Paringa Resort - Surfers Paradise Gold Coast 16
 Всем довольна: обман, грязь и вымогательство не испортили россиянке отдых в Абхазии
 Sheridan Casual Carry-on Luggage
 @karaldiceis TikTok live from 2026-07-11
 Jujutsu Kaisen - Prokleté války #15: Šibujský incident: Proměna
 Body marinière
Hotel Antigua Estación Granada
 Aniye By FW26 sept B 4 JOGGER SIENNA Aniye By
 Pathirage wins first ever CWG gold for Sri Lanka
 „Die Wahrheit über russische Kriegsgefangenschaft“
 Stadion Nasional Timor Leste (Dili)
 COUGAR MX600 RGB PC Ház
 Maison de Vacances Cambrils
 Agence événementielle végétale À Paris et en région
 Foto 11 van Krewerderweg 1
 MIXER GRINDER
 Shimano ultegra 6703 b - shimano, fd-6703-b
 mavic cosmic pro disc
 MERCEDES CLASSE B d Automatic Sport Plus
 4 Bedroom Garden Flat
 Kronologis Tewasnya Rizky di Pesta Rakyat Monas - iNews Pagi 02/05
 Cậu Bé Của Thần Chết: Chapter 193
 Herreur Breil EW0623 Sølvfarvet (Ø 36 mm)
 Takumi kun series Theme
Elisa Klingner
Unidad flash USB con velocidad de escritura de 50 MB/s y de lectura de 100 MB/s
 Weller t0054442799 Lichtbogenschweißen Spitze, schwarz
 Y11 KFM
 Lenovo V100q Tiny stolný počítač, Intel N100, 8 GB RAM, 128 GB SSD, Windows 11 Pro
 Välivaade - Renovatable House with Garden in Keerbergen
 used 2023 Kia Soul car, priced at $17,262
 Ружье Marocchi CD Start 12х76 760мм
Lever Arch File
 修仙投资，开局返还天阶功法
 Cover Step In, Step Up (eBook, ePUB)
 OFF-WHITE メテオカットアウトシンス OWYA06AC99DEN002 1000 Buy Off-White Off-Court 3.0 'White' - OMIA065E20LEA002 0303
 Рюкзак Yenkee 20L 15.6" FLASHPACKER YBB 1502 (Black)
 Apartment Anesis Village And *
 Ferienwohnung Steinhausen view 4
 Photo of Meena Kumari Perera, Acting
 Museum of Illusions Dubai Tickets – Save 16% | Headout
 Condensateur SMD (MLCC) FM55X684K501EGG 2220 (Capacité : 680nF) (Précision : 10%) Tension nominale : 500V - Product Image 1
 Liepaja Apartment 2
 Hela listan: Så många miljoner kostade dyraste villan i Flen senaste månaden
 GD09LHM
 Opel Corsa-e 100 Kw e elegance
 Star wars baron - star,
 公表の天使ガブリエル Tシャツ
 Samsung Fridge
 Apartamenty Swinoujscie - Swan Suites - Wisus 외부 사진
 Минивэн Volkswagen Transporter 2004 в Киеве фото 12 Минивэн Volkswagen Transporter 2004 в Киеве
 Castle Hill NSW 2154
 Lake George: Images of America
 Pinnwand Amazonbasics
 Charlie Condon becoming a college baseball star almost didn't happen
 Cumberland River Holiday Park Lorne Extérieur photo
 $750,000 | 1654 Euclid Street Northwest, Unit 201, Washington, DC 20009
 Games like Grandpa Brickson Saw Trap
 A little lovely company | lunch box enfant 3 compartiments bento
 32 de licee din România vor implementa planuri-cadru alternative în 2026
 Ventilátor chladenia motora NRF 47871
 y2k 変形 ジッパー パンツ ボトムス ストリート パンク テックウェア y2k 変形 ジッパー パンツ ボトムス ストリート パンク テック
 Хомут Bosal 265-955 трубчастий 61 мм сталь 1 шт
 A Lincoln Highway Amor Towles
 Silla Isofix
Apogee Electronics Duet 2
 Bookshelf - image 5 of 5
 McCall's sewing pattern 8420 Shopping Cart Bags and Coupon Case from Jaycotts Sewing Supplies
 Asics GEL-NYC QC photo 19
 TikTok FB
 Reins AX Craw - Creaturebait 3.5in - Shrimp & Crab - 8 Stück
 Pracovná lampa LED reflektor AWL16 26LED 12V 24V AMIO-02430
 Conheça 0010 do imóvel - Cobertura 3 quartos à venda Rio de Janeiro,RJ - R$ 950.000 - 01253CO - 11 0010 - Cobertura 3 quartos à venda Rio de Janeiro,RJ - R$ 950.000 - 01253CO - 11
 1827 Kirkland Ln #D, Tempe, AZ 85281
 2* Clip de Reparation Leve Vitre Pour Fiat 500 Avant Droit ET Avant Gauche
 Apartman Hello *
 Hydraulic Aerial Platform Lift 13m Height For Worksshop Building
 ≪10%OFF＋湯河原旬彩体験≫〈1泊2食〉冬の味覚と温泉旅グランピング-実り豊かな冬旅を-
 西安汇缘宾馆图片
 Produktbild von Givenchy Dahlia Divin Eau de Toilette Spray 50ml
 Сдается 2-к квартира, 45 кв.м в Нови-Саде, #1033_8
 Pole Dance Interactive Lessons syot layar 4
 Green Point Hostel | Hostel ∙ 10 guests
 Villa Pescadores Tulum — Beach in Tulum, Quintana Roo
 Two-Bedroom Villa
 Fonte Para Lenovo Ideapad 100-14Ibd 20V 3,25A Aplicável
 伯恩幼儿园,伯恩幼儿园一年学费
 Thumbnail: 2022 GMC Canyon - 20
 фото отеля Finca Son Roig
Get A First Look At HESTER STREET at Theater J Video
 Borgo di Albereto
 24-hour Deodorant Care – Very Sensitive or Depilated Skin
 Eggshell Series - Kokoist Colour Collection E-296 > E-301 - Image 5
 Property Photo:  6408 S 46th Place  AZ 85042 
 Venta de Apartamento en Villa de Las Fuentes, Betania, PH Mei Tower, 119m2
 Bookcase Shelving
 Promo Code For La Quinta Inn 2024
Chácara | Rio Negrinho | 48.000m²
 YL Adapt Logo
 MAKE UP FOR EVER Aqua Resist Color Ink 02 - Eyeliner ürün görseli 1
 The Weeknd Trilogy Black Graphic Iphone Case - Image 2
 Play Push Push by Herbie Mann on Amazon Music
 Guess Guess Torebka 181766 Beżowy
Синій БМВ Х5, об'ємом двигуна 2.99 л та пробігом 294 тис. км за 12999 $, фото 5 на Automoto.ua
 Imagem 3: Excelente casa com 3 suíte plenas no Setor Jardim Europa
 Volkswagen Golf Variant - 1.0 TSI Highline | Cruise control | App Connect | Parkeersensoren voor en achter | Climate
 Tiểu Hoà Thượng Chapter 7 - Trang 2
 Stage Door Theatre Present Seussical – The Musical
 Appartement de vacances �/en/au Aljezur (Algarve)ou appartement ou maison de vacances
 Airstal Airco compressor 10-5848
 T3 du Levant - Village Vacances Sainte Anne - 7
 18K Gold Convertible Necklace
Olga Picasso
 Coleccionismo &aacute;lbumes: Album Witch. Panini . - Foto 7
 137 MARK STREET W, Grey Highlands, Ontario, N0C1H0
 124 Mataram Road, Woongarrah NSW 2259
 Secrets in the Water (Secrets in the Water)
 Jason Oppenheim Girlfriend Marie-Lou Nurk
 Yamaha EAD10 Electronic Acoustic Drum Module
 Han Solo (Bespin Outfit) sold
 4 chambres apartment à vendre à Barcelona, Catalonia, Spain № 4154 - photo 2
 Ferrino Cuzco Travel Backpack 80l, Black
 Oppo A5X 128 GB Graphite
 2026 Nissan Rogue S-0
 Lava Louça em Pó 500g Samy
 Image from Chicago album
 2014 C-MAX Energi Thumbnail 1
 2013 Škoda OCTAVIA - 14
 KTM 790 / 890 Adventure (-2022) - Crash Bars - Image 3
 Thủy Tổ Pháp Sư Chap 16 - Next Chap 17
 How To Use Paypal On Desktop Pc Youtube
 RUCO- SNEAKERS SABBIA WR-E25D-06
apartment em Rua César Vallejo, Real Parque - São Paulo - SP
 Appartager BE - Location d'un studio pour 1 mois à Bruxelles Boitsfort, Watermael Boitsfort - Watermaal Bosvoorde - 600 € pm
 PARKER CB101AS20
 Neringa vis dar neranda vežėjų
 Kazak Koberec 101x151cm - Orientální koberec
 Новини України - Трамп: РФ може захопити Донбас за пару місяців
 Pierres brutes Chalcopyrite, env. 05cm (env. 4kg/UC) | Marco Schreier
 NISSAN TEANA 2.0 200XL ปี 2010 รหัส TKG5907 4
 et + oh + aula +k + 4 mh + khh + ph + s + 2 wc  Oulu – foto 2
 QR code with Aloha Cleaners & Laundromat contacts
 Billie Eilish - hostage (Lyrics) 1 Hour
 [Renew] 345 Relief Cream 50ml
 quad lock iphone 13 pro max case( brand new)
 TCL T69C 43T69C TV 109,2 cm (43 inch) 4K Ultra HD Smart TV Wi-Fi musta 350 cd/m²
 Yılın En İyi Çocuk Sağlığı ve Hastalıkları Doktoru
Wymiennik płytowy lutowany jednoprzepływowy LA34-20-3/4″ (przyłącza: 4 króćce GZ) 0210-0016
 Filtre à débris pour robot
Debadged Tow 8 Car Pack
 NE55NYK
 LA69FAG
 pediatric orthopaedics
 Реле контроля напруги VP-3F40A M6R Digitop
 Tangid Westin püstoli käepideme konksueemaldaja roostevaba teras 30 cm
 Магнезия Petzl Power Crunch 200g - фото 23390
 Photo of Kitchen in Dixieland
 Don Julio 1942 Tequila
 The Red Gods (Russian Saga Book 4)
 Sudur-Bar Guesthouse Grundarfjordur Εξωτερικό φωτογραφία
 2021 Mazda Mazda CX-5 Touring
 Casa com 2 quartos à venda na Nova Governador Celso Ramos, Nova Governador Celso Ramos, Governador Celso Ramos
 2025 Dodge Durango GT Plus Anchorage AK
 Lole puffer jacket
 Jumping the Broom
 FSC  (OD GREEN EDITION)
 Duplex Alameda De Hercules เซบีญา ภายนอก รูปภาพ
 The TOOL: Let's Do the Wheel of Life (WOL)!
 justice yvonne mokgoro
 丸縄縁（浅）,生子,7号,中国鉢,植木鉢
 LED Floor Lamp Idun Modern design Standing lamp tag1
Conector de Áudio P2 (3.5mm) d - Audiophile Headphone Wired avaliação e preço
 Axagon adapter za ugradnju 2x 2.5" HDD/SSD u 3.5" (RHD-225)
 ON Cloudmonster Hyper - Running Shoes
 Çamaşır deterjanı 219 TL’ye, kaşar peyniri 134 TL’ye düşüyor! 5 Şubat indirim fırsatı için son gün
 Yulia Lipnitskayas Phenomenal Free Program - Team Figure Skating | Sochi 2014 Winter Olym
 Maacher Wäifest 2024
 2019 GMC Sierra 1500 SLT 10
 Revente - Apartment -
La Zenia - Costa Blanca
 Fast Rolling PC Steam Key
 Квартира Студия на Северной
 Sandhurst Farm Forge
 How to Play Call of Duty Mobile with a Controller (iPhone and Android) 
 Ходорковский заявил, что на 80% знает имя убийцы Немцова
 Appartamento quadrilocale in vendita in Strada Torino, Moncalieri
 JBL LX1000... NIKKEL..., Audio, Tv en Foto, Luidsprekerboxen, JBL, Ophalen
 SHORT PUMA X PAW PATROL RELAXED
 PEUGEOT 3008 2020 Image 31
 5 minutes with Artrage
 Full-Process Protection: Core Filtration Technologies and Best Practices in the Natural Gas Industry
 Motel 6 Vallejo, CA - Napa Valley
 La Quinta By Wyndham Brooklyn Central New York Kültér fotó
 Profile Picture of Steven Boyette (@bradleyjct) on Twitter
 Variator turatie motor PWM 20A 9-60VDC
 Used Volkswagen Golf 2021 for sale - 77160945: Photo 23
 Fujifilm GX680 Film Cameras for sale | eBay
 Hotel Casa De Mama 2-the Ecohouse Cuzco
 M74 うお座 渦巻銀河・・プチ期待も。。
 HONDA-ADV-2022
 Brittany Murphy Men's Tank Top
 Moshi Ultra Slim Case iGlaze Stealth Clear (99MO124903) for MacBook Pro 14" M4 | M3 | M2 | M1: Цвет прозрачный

■ What the exercise asks
In the listing above, find the line containing "4 chambres apartment" and the line containing "Kazak Koberec 101x151cm - Orientální koberec", then retype both and every line between them exactly, with nothing else.

■ Task output
 4 chambres apartment à vendre à Barcelona, Catalonia, Spain № 4154 - photo 2
 Ferrino Cuzco Travel Backpack 80l, Black
 Oppo A5X 128 GB Graphite
 2026 Nissan Rogue S-0
 Lava Louça em Pó 500g Samy
 Image from Chicago album
 2014 C-MAX Energi Thumbnail 1
 2013 Škoda OCTAVIA - 14
 KTM 790 / 890 Adventure (-2022) - Crash Bars - Image 3
 Thủy Tổ Pháp Sư Chap 16 - Next Chap 17
 How To Use Paypal On Desktop Pc Youtube
 RUCO- SNEAKERS SABBIA WR-E25D-06
apartment em Rua César Vallejo, Real Parque - São Paulo - SP
 Appartager BE - Location d'un studio pour 1 mois à Bruxelles Boitsfort, Watermael Boitsfort - Watermaal Bosvoorde - 600 € pm
 PARKER CB101AS20
 Neringa vis dar neranda vežėjų
 Kazak Koberec 101x151cm - Orientální koberec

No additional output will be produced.